July 11th, 2010 by admin

During the French wars, the mail coaches were used for the official dissemination of news. When the Peace of Amiens was proclaimed in 1801, the coaches carried placards announcing ‘Peace with France’. Each driver wore a sprig of laurel, emblematic of peace, in his hat.

My cousin tells me that her great-uncle, Willie Trotman, had heard at second hand of the arrival of the mail coach in Beaminster, Dorset, in late June 1815. On this occasion, the entire coach was decked in laurel, the breathless driver announcing ‘Bloody news’ – that of the victory at Waterloo – to the excited onlookers. The original eyewitness is said to have been Uncle Willie’s great-grandmother, Ann Cox of Farrs, Beaminster (1770 – 1822), though I suspect that other members of his family would have remembered the event. The pace of life in country towns being rather slow, the arrival of any coach was liable to draw a crowd, if only to see who got off.

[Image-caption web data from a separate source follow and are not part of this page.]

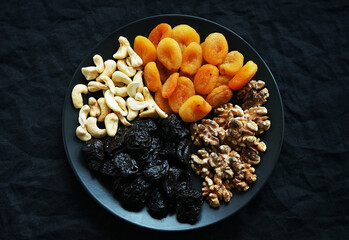 Dried apricots, prunes, nuts on a black plate on a dark background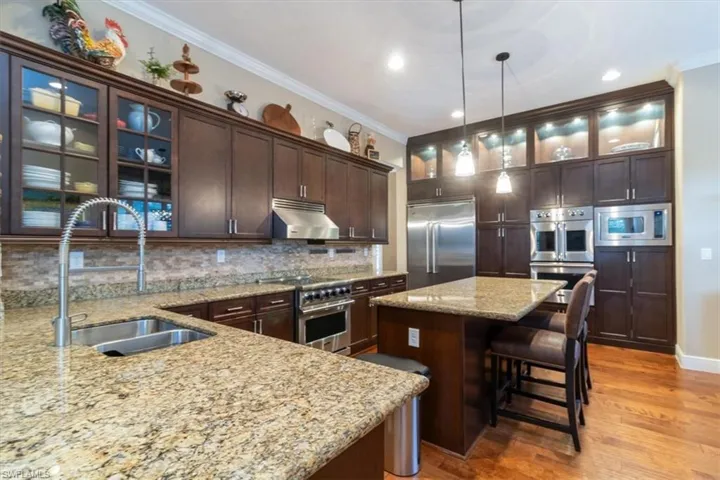 Kitchen featuring decorative backsplash, light wood-type flooring, built in appliances, dark brown cabinetry, and sink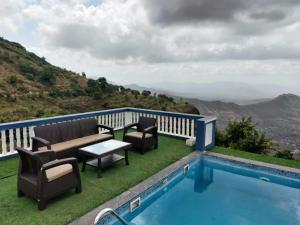 瓦伊Hilltop Resort and Agro Tourism Wai, Near Panchgani的阳台设有游泳池、椅子和桌子。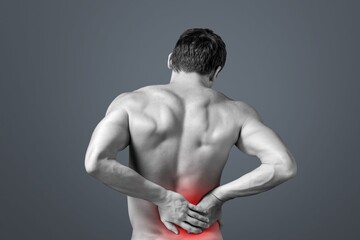 Young sporty man with pain in neck and back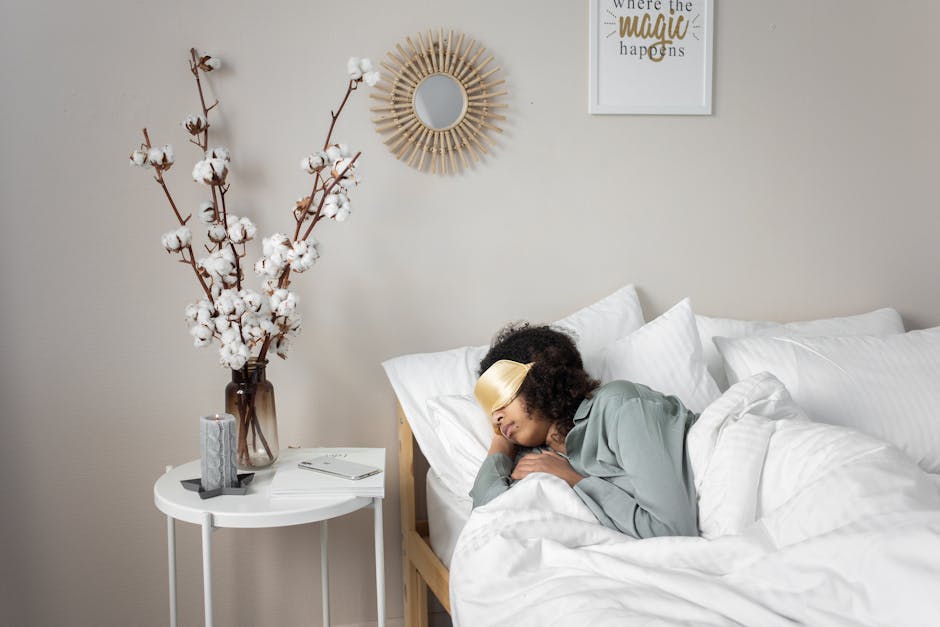 A peaceful bedroom scene with a woman sleeping, enhancing calm and relaxation.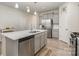 Modern kitchen featuring stainless steel appliances, a large island, gray cabinets, and a gas range at 3436 Scottish Fern Ln # 172, Indian Land, SC 29707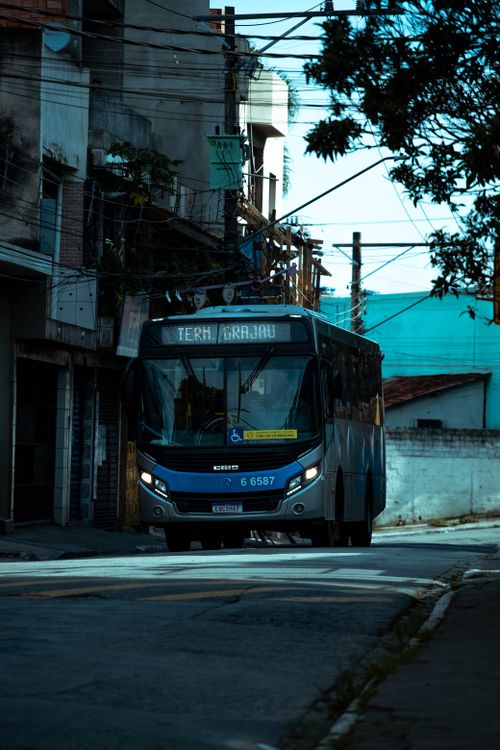 Free A bus drives through a narrow urban street, showcasing city transportation. Stock Photo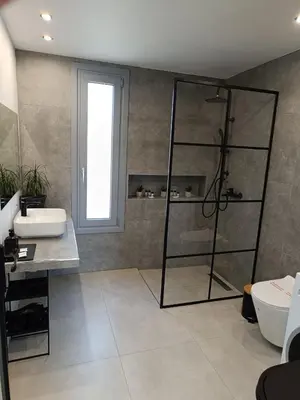 a bathroom with a shower and a sink at Casa di Rea Sanfilippo in Soroni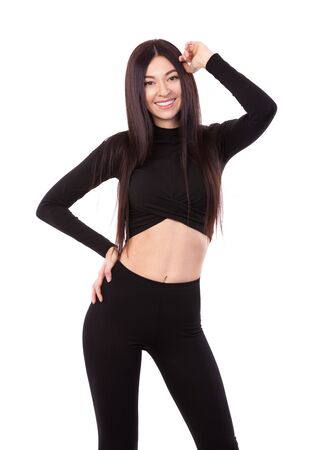 Pretty woman with beautiful long hair in black suit isolated on white background. Close up of sporty and beautiful female body. Tanned brunette with long hair. Healthy lifestyle, dieting, fitness, weight lossの写真素材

Ann Cox of Farrs was the grandmother of Ann Symes Trotman (born Cox), whose grandchildren would pester her to repeat the story, it being so unusual to hear her say ‘bloody’. Similar stories were handed down in other families, such as that of Thomas Hare (1806 – 91, pioneer of the Single Transferable Vote) who is said to have run alongside the same coach at Dorchester as a child. (So he told his grandson, Harold Clayton (1874 – 1963), who told my informant, Richard Hare (1922 – 2010).) See my ‘Dorset Families’ page for this and for a photograph of a later version of the Beaminster stagecoach.



  1. Jane Leaper says:

    Did you know that a Beaminster family was at the battle? They were the Gales: Daniel Gale and Mary (Hallett). Daniel was in the 3rd Battalion of the 95th Regiment (The Rifles). The family were Congregationalists and so it is probable that Daniel had been named after your ancestors.

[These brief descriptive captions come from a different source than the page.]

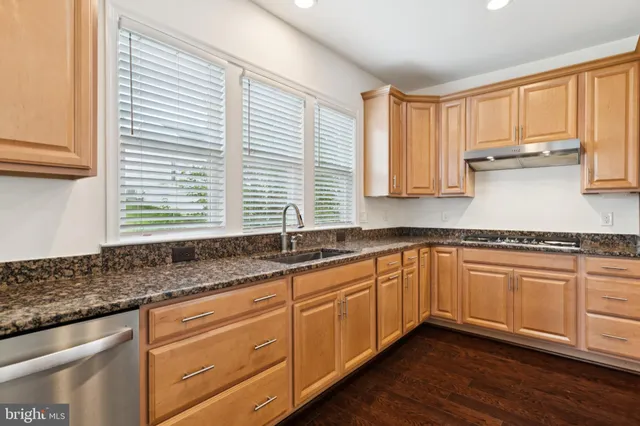 a kitchen with granite countertop stainless steel appliances a sink and cabinets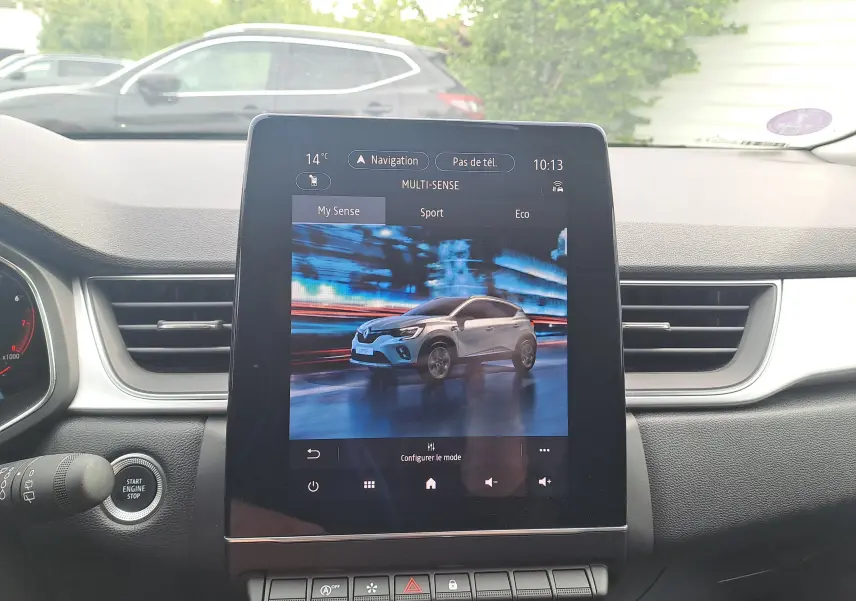 Écran central affichant une Renault Captur gris Cassiopée avec toit noir en vue 3/4 avant dynamique.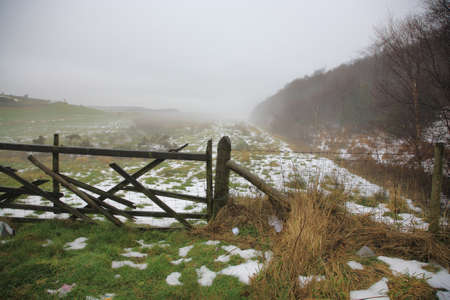 North Yorkshire Moors covered in fog and snow in winterの写真素材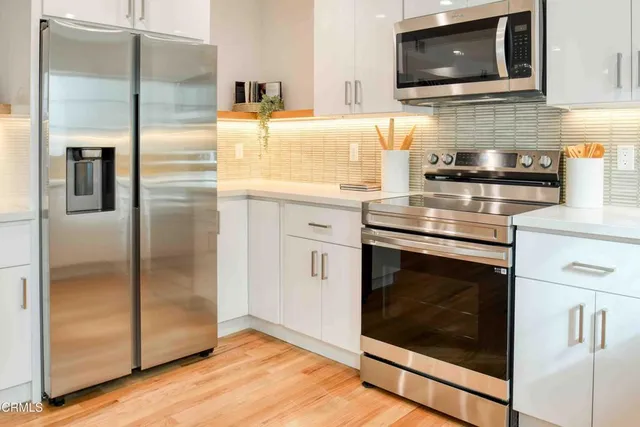 a kitchen with stainless steel appliances granite countertop a refrigerator and a stove top oven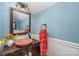 Charming bathroom with a pedestal sink, red towel, and blue walls at 10227 Mount Holly Rd, Charlotte, NC 28214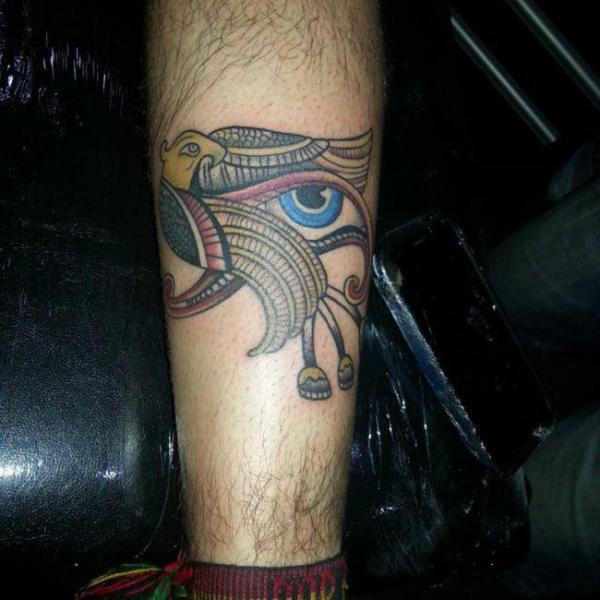 Traditional falcon and eye of Ra tattoo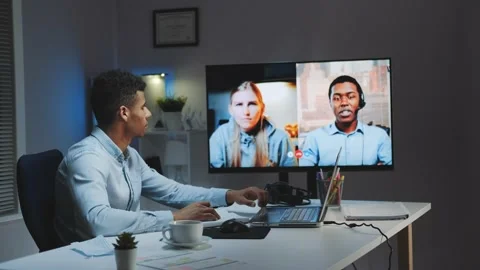 Black chief manager making video call on big monitor with colleagues on Video stock 131538835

    At Waterloo, while Daniel was fighting, Mary treated the wounded, helped by 5 year old Elizabeth who tore up lint for bandages. Elzabeth lived until 1904, and achieved brief fame as the last British survivor of the battle.

  2. admin says:

    I didn’t know this. How fascinating – and I love the details of the women’s involvement.

    Did you know that Hallett was one of the oldest names in the area? A John ‘Halet’ of Netherbury paid 6d Lay Subsidy in 1327.

  3. Jane Leaper says:

    No I didn’t know, although I had noticed that Hallett and Gale seem to be very common local names. I’ve only recently discovered this branch of my family tree.